→ SOURCE RECORDS:
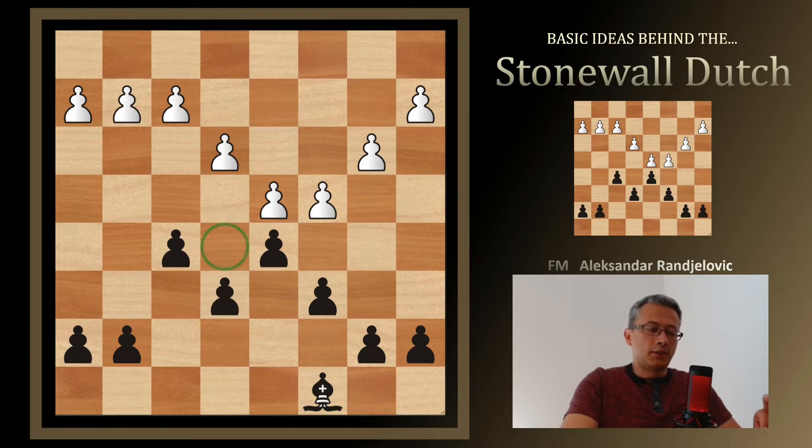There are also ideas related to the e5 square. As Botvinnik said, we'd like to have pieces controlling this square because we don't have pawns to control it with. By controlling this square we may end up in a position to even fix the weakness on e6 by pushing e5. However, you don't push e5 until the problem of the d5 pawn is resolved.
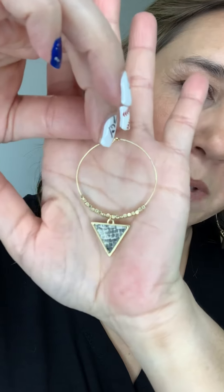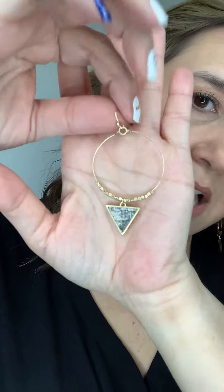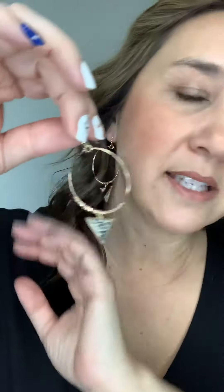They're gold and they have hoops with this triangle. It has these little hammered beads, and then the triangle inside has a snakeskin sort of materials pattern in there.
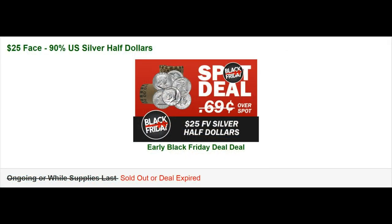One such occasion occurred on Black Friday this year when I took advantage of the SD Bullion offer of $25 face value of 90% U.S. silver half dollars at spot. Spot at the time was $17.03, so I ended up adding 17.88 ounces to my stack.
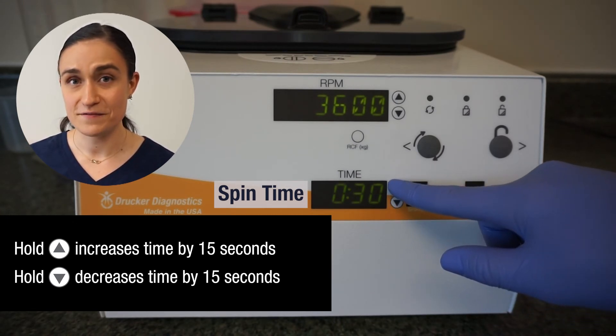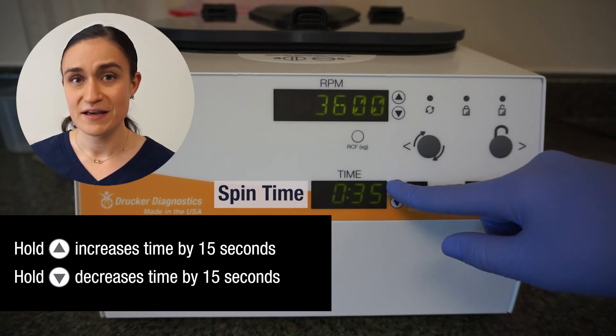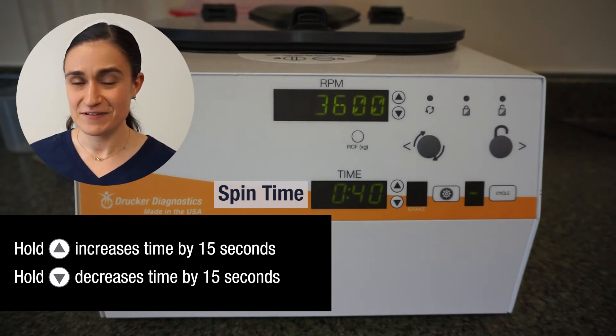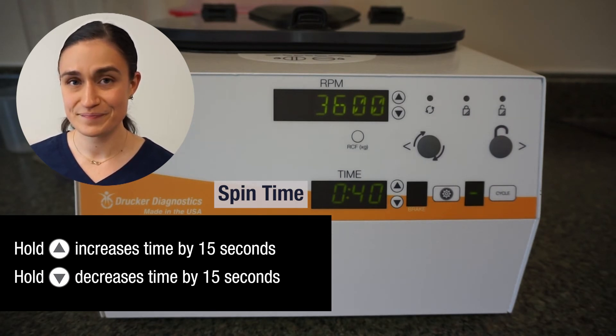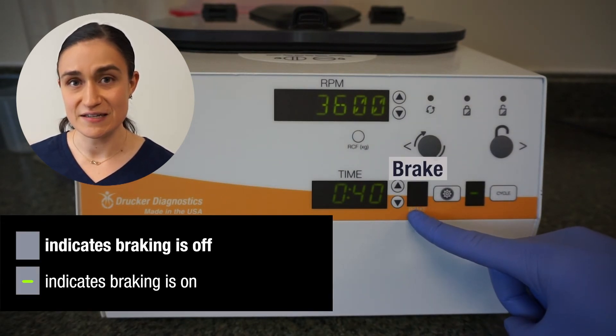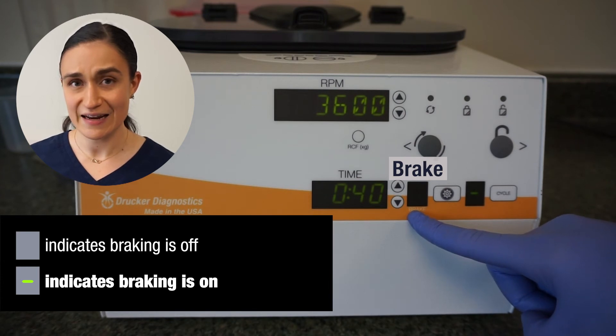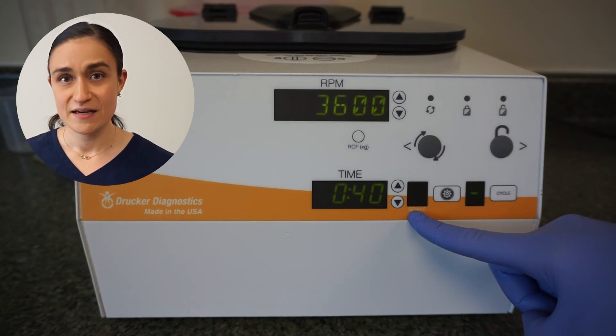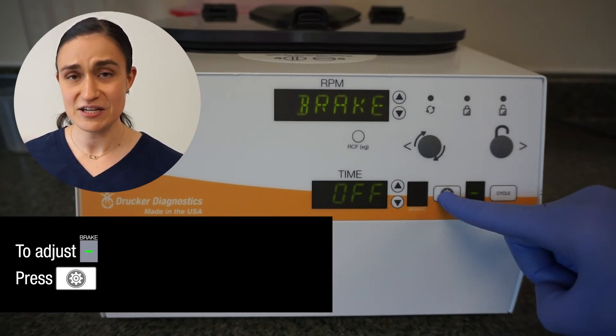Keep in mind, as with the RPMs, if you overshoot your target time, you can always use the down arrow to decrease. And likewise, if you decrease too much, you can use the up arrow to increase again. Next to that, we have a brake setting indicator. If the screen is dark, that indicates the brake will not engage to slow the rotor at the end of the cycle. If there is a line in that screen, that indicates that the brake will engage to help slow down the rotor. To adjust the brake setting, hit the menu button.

==

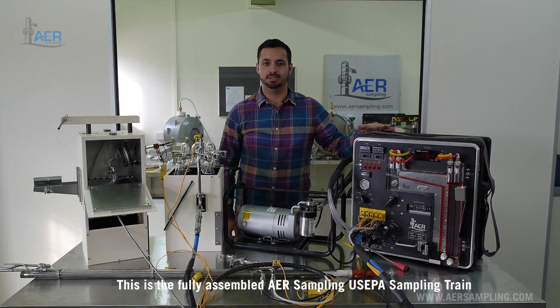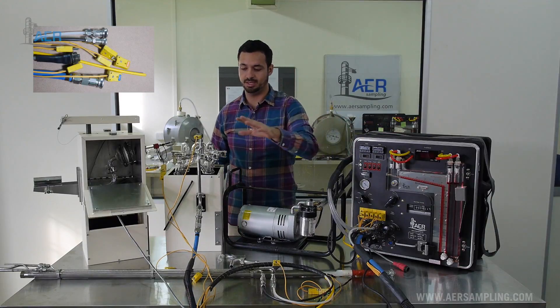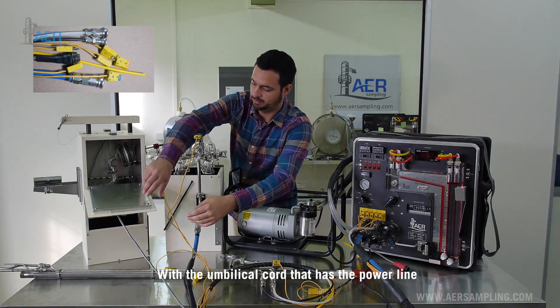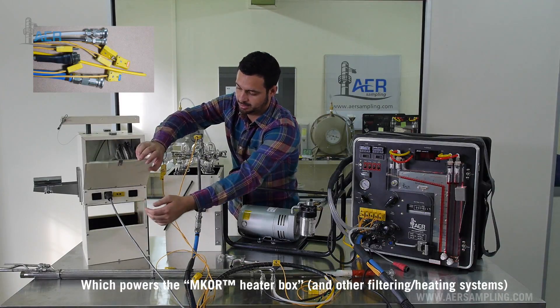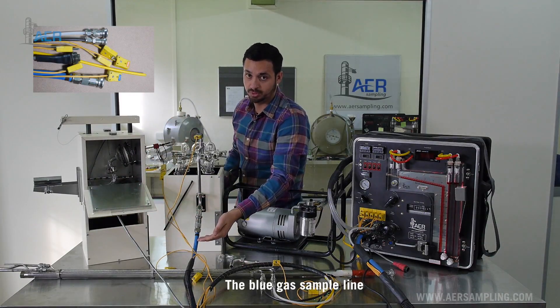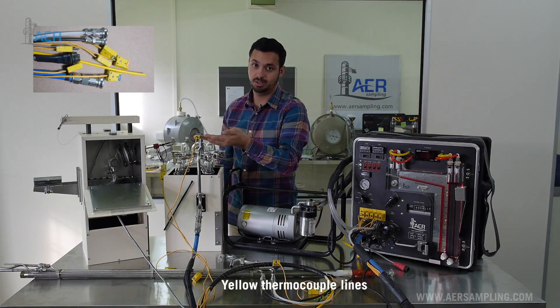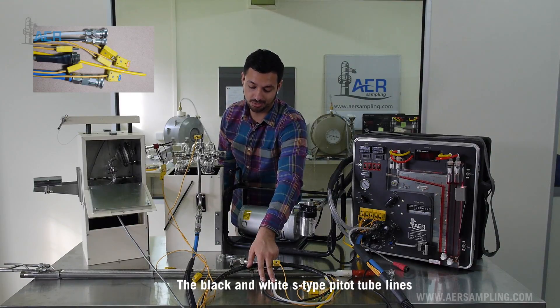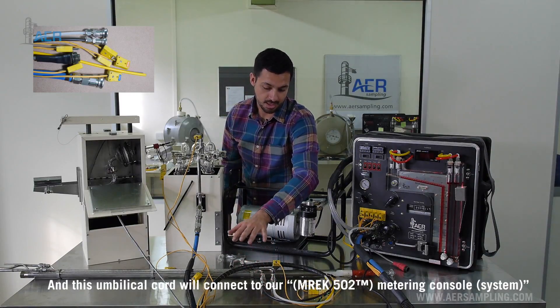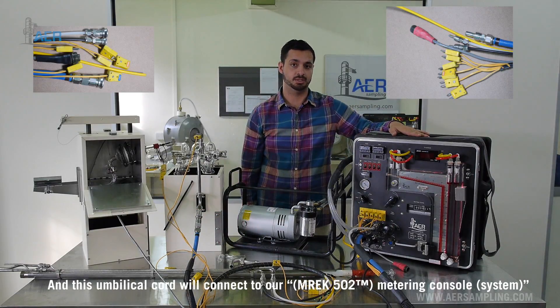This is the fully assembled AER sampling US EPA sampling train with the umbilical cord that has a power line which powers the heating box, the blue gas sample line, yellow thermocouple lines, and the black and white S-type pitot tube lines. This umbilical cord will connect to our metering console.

→ HOW TO COMPLETE THIS TASK:
Go down the entries above from the line containing "They're gold and" to the line containing "Keep in mind, as" and write out each line exactly, leaving pictures out.

→ ANSWER SECTION:
They're gold and they have hoops with this triangle. It has these little hammered beads, and then the triangle inside has a snakeskin sort of materials pattern in there.
One such occasion occurred on Black Friday this year when I took advantage of the SD Bullion offer of $25 face value of 90% U.S. silver half dollars at spot. Spot at the time was $17.03, so I ended up adding 17.88 ounces to my stack.
Keep in mind, as with the RPMs, if you overshoot your target time, you can always use the down arrow to decrease. And likewise, if you decrease too much, you can use the up arrow to increase again. Next to that, we have a brake setting indicator. If the screen is dark, that indicates the brake will not engage to slow the rotor at the end of the cycle. If there is a line in that screen, that indicates that the brake will engage to help slow down the rotor. To adjust the brake setting, hit the menu button.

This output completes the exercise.